__DATASET RECORDS__.
# # #
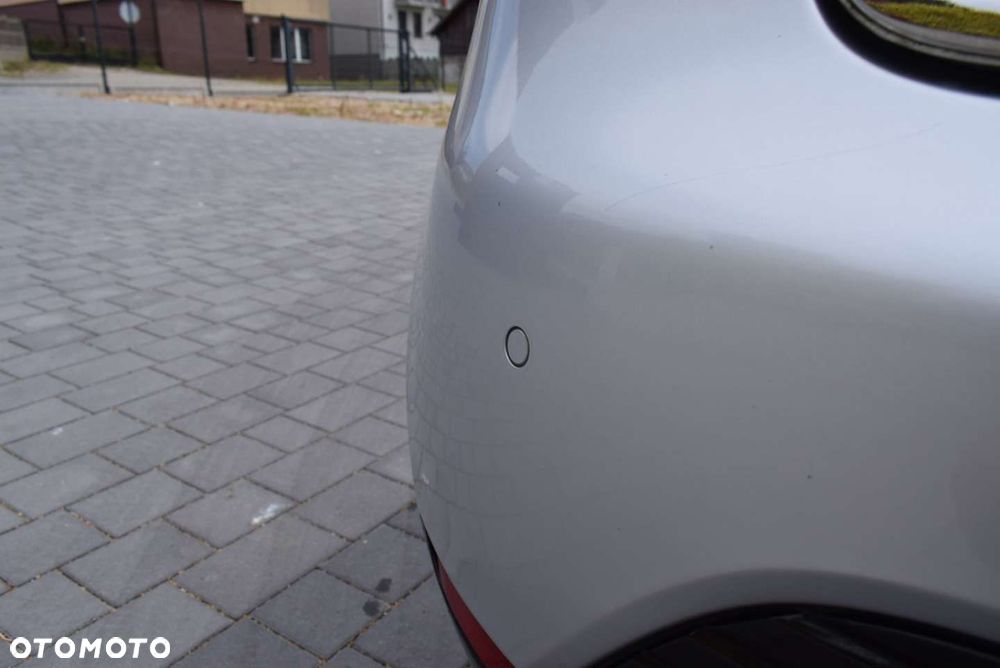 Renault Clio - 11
# # #
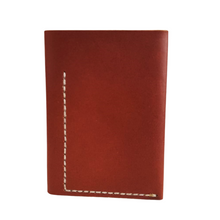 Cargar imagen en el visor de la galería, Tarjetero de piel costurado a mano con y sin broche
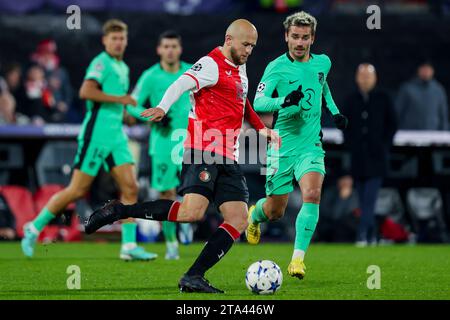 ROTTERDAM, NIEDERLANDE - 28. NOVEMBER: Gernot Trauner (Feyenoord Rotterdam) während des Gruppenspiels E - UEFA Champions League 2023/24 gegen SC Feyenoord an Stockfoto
# # #
__PROBLEM TO SOLVE__. Going by the entries above, repeat exactly the lines that start at the line with "Cargar imagen en" and go on through the line with "ROTTERDAM, NIEDERLANDE - 28.". Pictures are not part of the copy.

__SOLUTION FOR THIS TASK__.
 Cargar imagen en el visor de la galería, Tarjetero de piel costurado a mano con y sin broche
 ROTTERDAM, NIEDERLANDE - 28. NOVEMBER: Gernot Trauner (Feyenoord Rotterdam) während des Gruppenspiels E - UEFA Champions League 2023/24 gegen SC Feyenoord an Stockfoto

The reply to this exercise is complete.